Here’s a fuller memo on Sarokin’s record that Senator Hatch submitted on the Senate floor. If you read nothing else, be sure to read about Sarokin’s wildly lawless ruling (reversed by the Third Circuit) in Kreimer. There Sarokin ruled that the Morristown public library couldn’t enforce its written policies to expel a homeless man who regularly engaged in offensive and disruptive behavior and whose odor was so offensive that it prevented the library patrons from using certain areas of the library and prohibited library employees from performing their jobs. “[O]ne person’s hay-fever is another person’s ambrosia” was among Sarokin’s justifications for preventing a community from setting even minimal standards.

Senate Democrats regarded Sarokin as an ideal judge. Senator Leahy, for example, called him “a judge of proven competence, temperament, and fairness” and “an excellent choice.” A mere five months after his nomination, Judge Sarokin was confirmed over Republican opposition.

Of the eight current Democrat Senators on the Senate Judiciary Committee, six (Leahy, Kennedy, Biden, Kohl, Feinstein, and Feingold) served in the Senate at the time of the nominations of Barkett and Sarokin, and all six strongly supported their nominations. (Sen. Kennedy missed the vote on Sarokin.) It is, I think, obvious from their performance that the two new members, Schumer and Durbin, would have done so as well. These Senators simply do not deserve to be taken seriously as arbiters of the qualifications of judges. And their reckless attacks on President Bush’s outstanding nominees are doubly shameful in light of their support for nominees like Barkett and Sarokin.

Dangling Nominees Under Clinton v. Bush 41


My boss, Boyden Gray, White House counsel to the first President Bush, sent this note to reporters today:

On the Senate floor Wednesday, Sen. Durbin sought to justify current Democratic filibusters by claiming that Republicans had held open judicial vacancies during President Clinton’s tenure in order to put Republican judges in those seats later. First, the confirmation slowdown under Clinton occurred mainly during the last year of his second term, a tradition that goes back many years and has been employed by both parties. More to the point, the same strategy was employed–to greater effect–by Senate Democrats at the end of President Bush 41’s single term in office.

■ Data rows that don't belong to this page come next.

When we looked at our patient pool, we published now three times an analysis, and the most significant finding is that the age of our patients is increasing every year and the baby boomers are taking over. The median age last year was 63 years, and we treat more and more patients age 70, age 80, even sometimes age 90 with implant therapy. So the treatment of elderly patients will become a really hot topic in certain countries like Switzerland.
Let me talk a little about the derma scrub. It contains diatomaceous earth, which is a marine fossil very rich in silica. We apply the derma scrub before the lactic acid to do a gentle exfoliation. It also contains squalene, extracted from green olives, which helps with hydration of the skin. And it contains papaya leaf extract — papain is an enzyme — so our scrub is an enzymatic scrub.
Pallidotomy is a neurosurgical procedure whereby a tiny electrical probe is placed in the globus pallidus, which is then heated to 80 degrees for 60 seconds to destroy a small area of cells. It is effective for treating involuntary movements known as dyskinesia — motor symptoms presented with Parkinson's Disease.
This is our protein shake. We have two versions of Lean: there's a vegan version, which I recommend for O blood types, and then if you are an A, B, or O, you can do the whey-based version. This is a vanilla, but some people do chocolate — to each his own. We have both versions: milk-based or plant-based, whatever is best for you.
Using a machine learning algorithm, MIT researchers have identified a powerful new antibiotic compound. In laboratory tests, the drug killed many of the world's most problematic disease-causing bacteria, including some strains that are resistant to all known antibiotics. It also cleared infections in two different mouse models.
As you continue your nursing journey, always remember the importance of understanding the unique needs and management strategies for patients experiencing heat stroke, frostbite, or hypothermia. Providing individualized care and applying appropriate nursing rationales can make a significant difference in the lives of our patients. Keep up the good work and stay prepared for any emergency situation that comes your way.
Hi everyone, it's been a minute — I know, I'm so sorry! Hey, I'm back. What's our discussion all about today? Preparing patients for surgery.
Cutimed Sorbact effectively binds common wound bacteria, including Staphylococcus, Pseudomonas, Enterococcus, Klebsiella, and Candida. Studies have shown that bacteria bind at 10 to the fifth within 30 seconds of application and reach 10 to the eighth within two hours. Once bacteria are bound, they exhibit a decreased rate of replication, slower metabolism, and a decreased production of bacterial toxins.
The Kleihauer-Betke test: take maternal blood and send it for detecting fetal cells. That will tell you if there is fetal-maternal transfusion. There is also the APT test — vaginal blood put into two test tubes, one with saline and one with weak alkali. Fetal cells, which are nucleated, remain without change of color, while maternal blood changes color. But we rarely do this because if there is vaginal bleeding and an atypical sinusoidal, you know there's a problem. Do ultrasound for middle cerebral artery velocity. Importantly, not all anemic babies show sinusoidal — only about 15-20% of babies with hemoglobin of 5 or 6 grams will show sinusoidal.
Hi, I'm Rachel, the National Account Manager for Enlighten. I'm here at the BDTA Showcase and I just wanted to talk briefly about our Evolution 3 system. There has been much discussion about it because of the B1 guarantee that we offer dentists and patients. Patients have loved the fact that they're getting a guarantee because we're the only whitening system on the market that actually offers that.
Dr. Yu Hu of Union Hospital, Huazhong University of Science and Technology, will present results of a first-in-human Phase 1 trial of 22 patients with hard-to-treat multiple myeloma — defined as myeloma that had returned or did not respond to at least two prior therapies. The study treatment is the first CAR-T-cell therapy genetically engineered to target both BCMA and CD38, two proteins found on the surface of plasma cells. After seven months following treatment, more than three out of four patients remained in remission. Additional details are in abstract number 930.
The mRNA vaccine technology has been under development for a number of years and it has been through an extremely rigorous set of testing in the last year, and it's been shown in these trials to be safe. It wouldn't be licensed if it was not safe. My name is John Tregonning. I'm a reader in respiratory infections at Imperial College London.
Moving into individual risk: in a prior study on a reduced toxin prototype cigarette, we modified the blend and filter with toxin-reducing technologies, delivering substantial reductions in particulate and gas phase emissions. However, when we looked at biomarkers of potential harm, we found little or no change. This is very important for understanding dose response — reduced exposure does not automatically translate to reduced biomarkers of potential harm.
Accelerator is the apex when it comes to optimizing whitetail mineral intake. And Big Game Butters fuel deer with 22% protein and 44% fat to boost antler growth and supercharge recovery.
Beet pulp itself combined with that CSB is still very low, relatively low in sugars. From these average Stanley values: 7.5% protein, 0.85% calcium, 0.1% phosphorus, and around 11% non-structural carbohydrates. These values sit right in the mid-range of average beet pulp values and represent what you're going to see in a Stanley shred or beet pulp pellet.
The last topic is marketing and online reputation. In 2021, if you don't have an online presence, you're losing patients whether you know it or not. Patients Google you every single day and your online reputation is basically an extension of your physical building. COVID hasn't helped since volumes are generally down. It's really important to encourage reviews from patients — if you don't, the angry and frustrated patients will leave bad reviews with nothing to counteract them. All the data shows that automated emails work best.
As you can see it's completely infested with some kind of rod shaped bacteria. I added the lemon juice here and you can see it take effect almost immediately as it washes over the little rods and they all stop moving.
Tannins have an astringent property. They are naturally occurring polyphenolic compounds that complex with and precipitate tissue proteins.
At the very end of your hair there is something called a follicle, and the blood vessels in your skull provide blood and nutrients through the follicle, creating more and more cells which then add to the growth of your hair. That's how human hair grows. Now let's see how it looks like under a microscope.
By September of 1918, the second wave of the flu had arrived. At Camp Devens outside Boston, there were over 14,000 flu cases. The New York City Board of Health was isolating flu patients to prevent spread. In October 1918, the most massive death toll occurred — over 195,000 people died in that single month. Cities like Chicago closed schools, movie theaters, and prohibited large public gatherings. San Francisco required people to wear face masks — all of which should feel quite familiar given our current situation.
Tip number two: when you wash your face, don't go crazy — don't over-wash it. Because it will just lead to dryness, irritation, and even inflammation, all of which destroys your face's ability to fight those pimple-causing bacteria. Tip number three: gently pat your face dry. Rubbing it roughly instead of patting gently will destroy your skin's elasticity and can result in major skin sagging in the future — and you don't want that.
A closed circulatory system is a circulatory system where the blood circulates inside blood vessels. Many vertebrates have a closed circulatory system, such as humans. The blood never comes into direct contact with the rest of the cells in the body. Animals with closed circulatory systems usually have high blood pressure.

Of the nominees left dangling from Clinton’s two terms, most did not get through the Judiciary Committee due to a specific cause: late nomination, problems with home-state senators, incomplete paperwork, or they were impeachable, meaning they had behavioral issues in their pasts that rendered them unacceptable. In many of these latter cases, the Clinton White House privately agreed with the decision not to move forward.

Nonetheless, Clinton was able to have 377 of his nominees confirmed—five short of the all-time record. He lost one floor vote for a nominee to the district court. Clinton’s eight-year appellate confirmation rate was 74%, in addition to getting two liberals confirmed to the Supreme Court. Many of the Clinton nominees who were delayed for long periods of time and not confirmed had problems with their home-state senators. For example, Helene White, Kathleen McRae Lewis, Jorge Rangel, Enrique Moreno, James Beatty and James Wynn all lacked support from one or both of their home-state senators and did not successfully negotiate these issues.

When the Senate adjourned for the last time under President Clinton, there were 41 nominations dangling and 67 judicial vacancies. Overall, that is a good record.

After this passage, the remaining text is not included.